Saturday, April 15, 2017


Herriman Saturday

January 22 1909 -- About as racist as imaginable, this sort of flippant and contemptuous treatment of black-on-black crime was pretty standard newspaper fodder in the day.


It's amazing that Herriman could bring himself to create this, given that he was (secretly) blavk himself. Or black-ish, I guess, as a Creole. Looks like he absorbed all the racist attitudes of the white community. I don't really understand how that would work.
I guess Herriman was just going along with the ethnic humor of that period. I'm can't exactly wrap my head around it either.

Ben Ferron
Perhaps he viewed ethic humor similar to the way whites enjoy "you know you are a redneck when" or how blacks can use the racist n-word in humor.
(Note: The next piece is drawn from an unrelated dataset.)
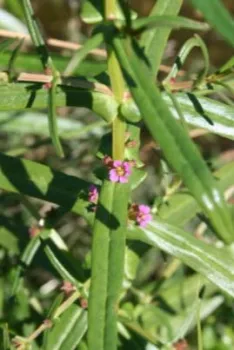 The image depicts a redstem weed, vibrant green stem with small, glossy leaves and purple flowers.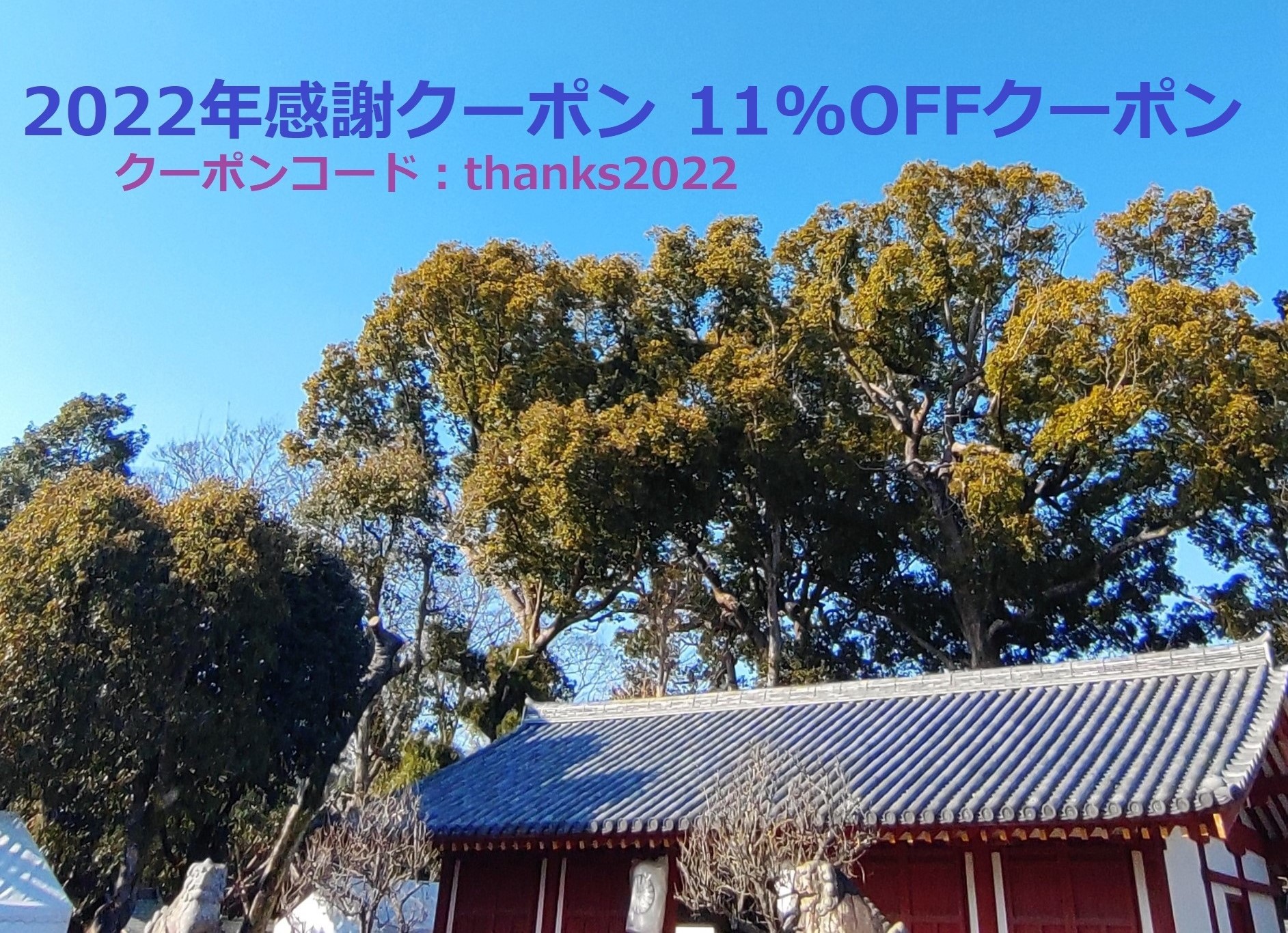 🔯2022年感謝クーポン11％OFFクーポンのお知らせです🔯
Perhaps he was more interested in making a living entertaining an audience than share the same views about race that people in the 21st Century have.
What? Herriman didn't want to entertain people in the 21st Century?
I guess we don't pay him enough:) Seriously when you think what the world was like when this gag was done. 1909 - WWI has not begun, American was a rural nation and even in the cities the blacks and whites lived separate. All the two races had were their prejudices.
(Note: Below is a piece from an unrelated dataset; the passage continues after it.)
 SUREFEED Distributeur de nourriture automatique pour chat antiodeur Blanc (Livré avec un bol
I have not seen a picture of Herriman but not all Creole looked black. Here in Louisiana Cajun country there is the French looking as well.
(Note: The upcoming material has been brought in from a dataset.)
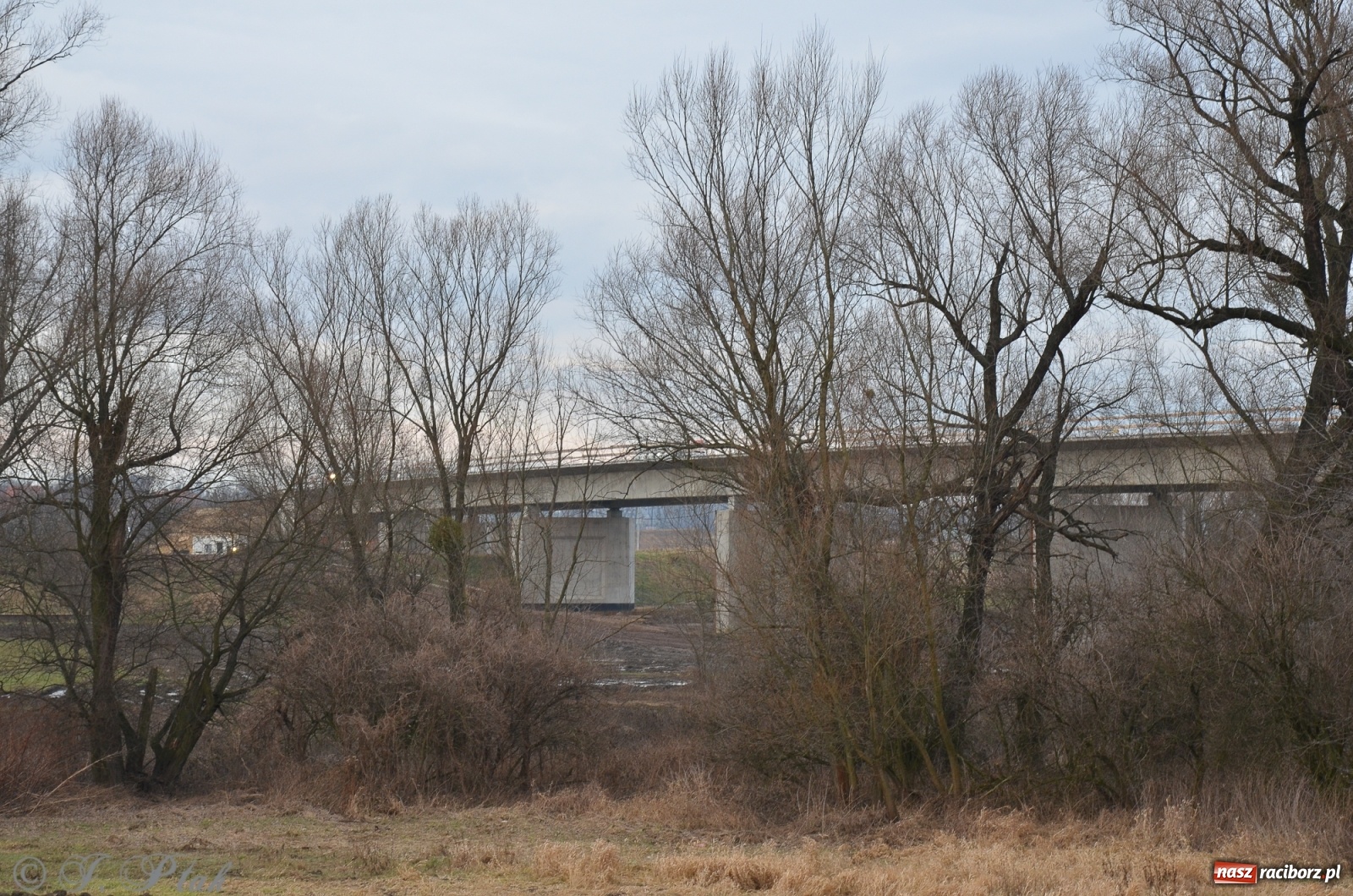 Zdjęcie w galerii na portalu naszraciborz.pl: Nowy most za żwirowniami na Ostrogu [FOTO]  wiadomości z regionu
What makes the entertainment of the past that is offensive to us today worth examining is trying to place yourself in a world where this exists. Your original question is a good one. In over a hundred years I suspect that future society will ask the same questions about us.

It has been too long since this site has shown some forgotten black cartoonists work. It is always interesting in comparing the characters designs from both sides of the tracks.